If you were up at 2:30 a.m. today, having the night sweats while feverishly awaiting today’s Supreme Court verdict, you might have noticed a little story on DealBook that said that the amount of money JPMorgan Chase lost on its London Whale’s trades, which were once dismissed as a “tempest in a teapot” by a guy with good cuff links and estimated at around $2 billion, had multiplied to as much as $9 billion.
The $9 billion figure, which was broken by Teri Buhl yesterday, is not necessarily the amount JPMorgan has lost as of this moment — it’s the maximum amount it could lose, since the Whale’s trades are still being unwound.
CEO Jamie Dimon has said he still expects the bank to be profitable on the quarter, and a person with knowledge of the situation told Intel this morning that the current mark-to-market value of the loss likely stands somewhat lower, more in the neighborhood of $5 to 6 billion.

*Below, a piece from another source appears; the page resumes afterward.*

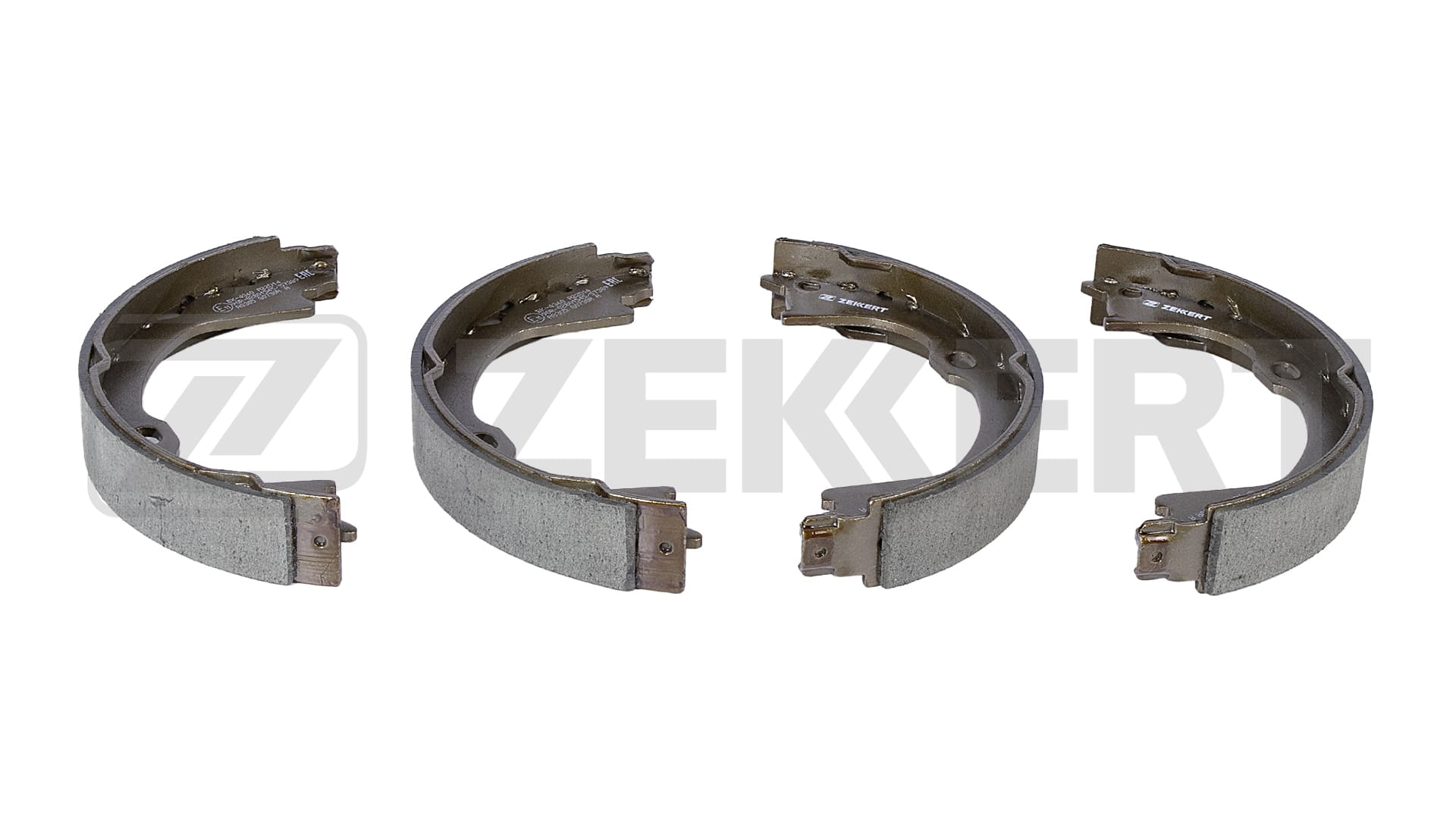 Bk-4360 колодки торм. бараб. задн. jeep grand cherokee iv 10- dodge durango iii 11- ZEKKERT BK-4360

JPMorgan’s stock is down this morning, but it’s not entirely clear why. There is no new information about the details of the London Whale’s trade, or the market effects of unwinding such a massive CDS position. Even if the loss is $9 billion or more, the same things that made investors jumpy two weeks ago — lax oversight of the CIO, regulators’ likelihood to put a crimp on JPM’s earning power in future quarters — are still true.
What’s new, though, is that it seems the CIO got direct orders from someone very high up at JPMorgan, perhaps Dimon himself, to exit the whale trade, stat, no matter how much a speedy exit would cost the bank:
The bank’s exit from its money-losing trade is happening faster than many expected. JPMorgan previously said it hoped to clear its position by early next year; now it is already out of more than half of the trade and may be completely free this year.
We should know more on July 13, when the bank reports its earnings and discloses more about the extent and size of the trading losses. This morning, a JPMorgan spokesman declined to comment.